= The Kentucky FFA Association =

The Kentucky FFA Association is a student-led organization centered around agricultural education and career development. Serving as Kentucky's Chapter of the National FFA Organization, the primary goal is to follow the wider organizations stated mission.

The Kentucky FFA Association is currently led by a team of 12 State FFA Officers representing all 12 regions of The Kentucky FFA Association—a President, Vice President, Secretary, Treasurer, Reporter, Sentinel, and six Regional Vice Presidents. The Kentucky FFA Association is home to 144 high school chapters and 12 middle school chapters as of the year 2017.

==History==

The Kentucky FFA Association was founded on April 16, 1930, at The Brown Hotel in Louisville, Kentucky. In 1937, the Kentucky FFA Leadership Training Center was founded in Hardinsburg, Kentucky; where the Kentucky FFA Association archives are located and it still remains the location of Kentucky FFA Camp today. In 1957, Howard Downing (of Jessamine County) became the first National FFA President from Kentucky. Kenneth Kennedy (of Trigg County) became the next National FFA president from Kentucky in 1964. In 1977, 12 years after the New Farmers of America and the Future Farmers of America merged to create one organization, The Kentucky FFA Association had its first African American state president Steve Washington (of Adairville). In 1979, Pam Brinkley was elected the first female State FFA Officer in Kentucky. In 1984, Kentucky had its third National FFA President Steve Merideth (of Hardin County).
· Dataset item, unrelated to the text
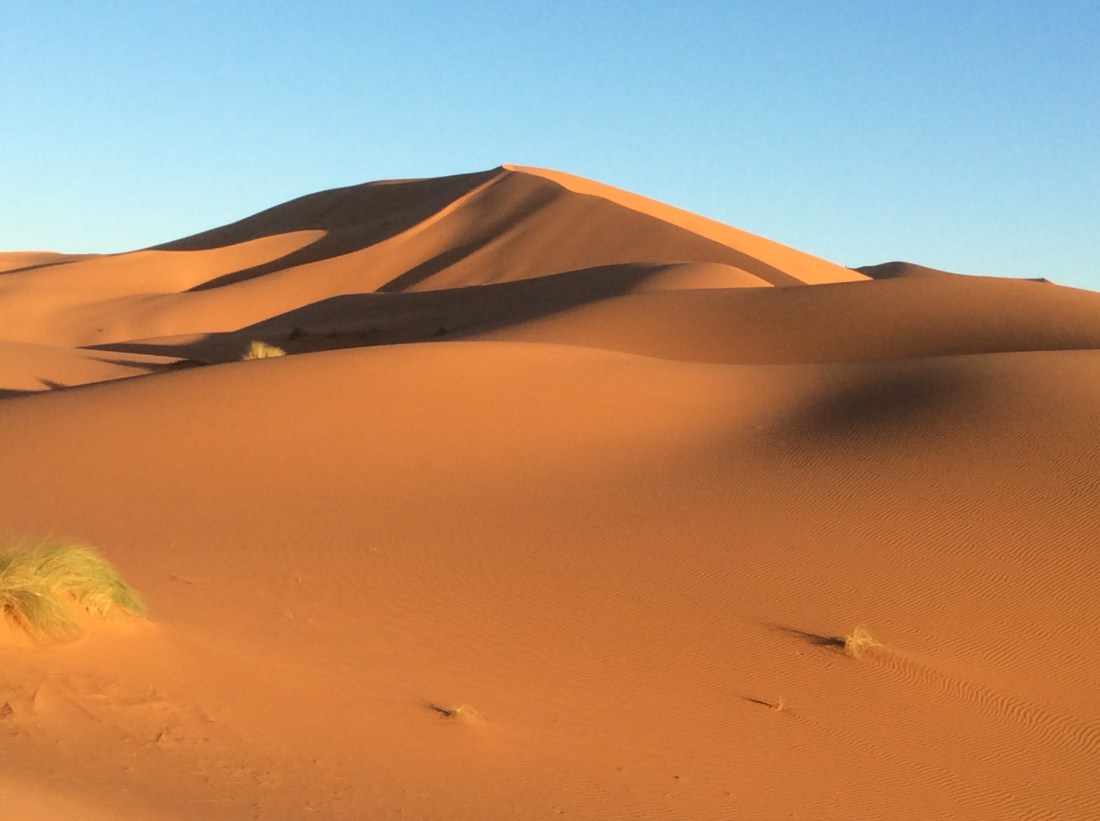 B2CCF482-6034-4C8A-AFF8-DAC951582B64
In 1987, The Kentucky FFA Foundation, which raises and manages funds for the organization, was formed. In 1989, 20 years after females were allowed to join the FFA Organization, Susan Smitson (of Jessamine County) was the first female Kentucky FFA State President. In 2012, Joenelle Futrell (of Daviess County) was elected as the first female National FFA Officer from Kentucky.

==Events==

There are few events put on at the state level each year by the Kentucky FFA Association. These include the Annual Kentucky FFA State Convention (held at Rupp Arena each June in Lexington, Kentucky), Kentucky FFA Camp (which runs five weeks out of the summer and is held at the Kentucky FFA Leadership Training Center in Hardinsburg, Kentucky), The Rising Sun Conference (held in July at the Kentucky FFA Leadership Training Center in Hardinsburg, Kentucky), and the Blue and Gold Gala (held in various locations across Kentucky).

The Annual Kentucky FFA State Convention is where students who have won competitions on the regional level come to compete at the state level. It is also where the State FFA Degree is awarded to members and where the State Stars in Agriculture are named. Each chapter submits forms to be ranked by their accomplishments and work done throughout the school year—chapters can receive a gold, silver, or bronze star ranking. It is also where the new Kentucky FFA State Officer team is interviewed and elected by the Nominating Committee.
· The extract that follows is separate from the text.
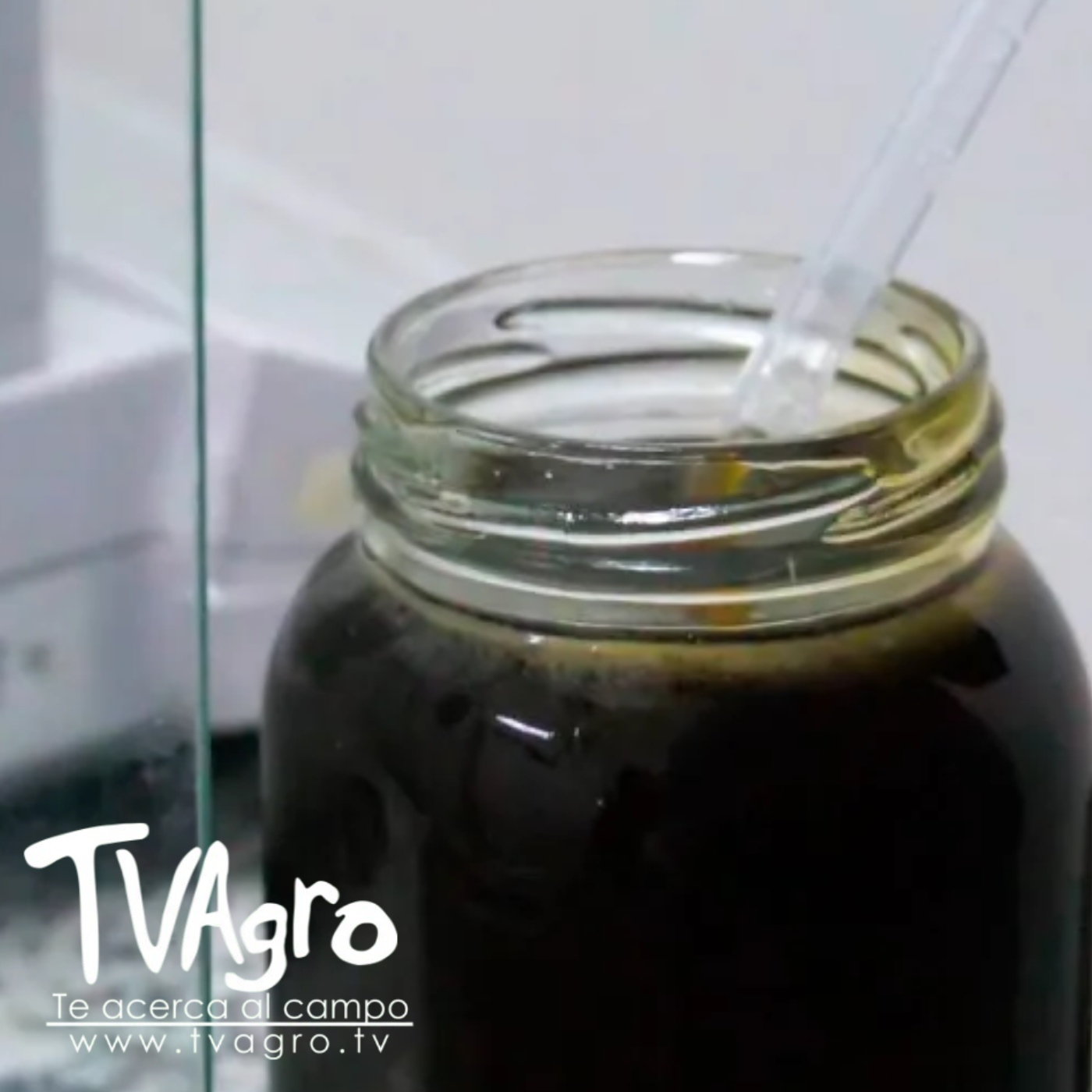 TV AGRO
Kentucky FFA Camp is where students from every FFA chapter in Kentucky are invited to spend the week learning leadership skills, preparing for the school year ahead, and participating in athletic competitions. During Kentucky FFA Camp, a Camp Council is elected to serve as an Officer Team for the respective week of camp. Camp council is responsible for raising and lowering the American flag each day and for delivering reports during each session. Students can also take classes to learn trade skills (e.g. welding, tractor driving, electrical safety, etc.).

The Rising Sun Conference is open to two officers from every chapter of the Kentucky FFA Association and serves as a way to unify beliefs and share ideas across the state of Kentucky. The members spend a weekend with counterparts from across the state comparing programs of activities and ideas to incorporate into their chapters. The conference also serves as a time where the Kentucky FFA State Officer team can express their goals for the coming year and challenge the officers at the chapter level to help carry them out.
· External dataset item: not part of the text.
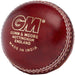 GM Catalyst Cricket Ball (Junior)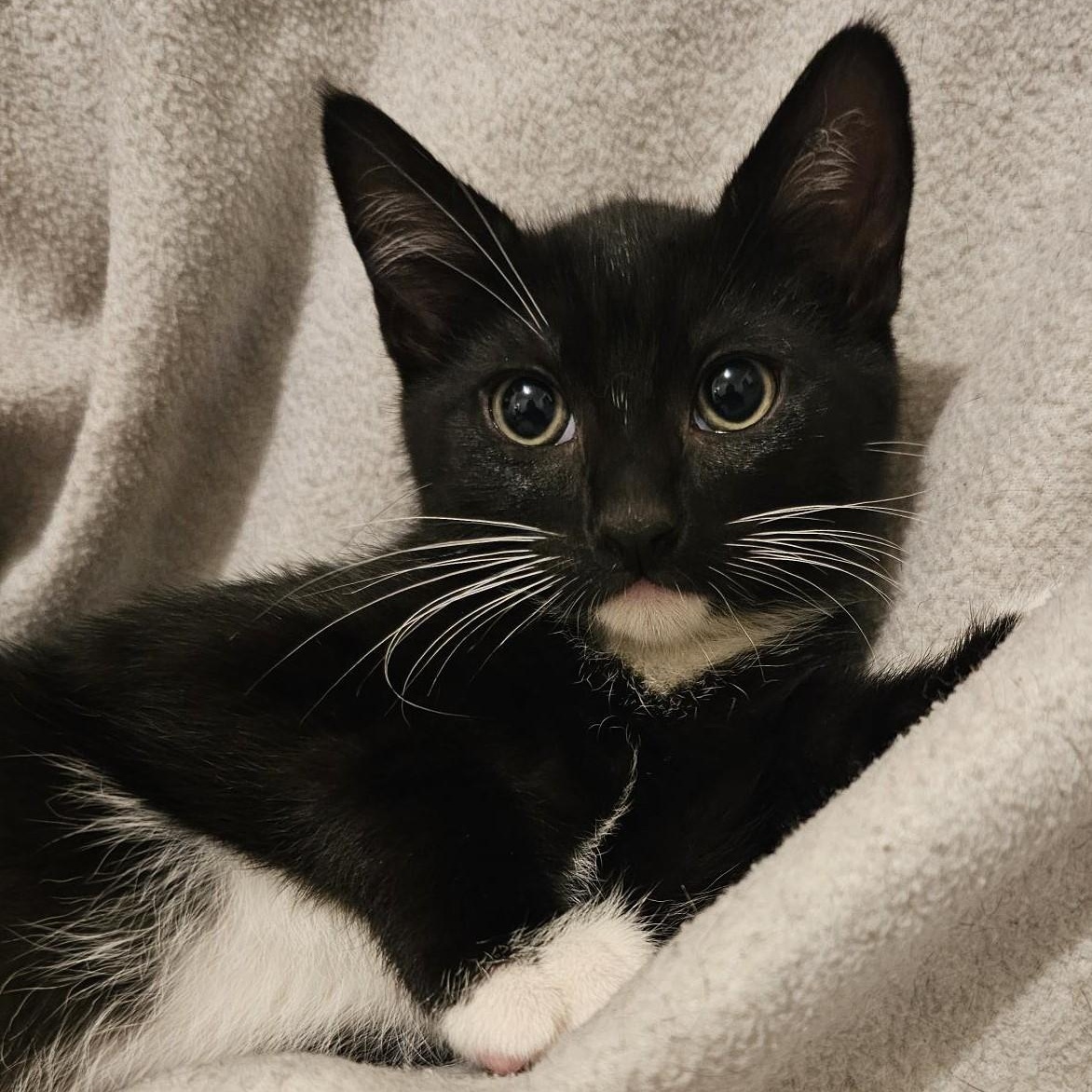 Jack - Sweet & Quiet, Adoptable, Kitten Male Tuxedo.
The Blue and Gold Gala is hosted by the Kentucky FFA Foundation and serves as a fundraiser for the organization. Anyone is invited to event where funds are raised through ticket sales, donations, silent auction items, and live auction items.

==Leadership==

The Kentucky FFA Association is currently led by a team of 12 Kentucky FFA State Officers which are high school graduates who are selected through an interview process at the regional and then state level. The team is supported by four full-time staff members: an Executive Secretary (currently Matt Chaliff), a State Advisor (currently Kristen Wright), a Foundation Director (currently Ms. Sheldon McKinney), and an FFA Camp Director (currently Josh Mitcham).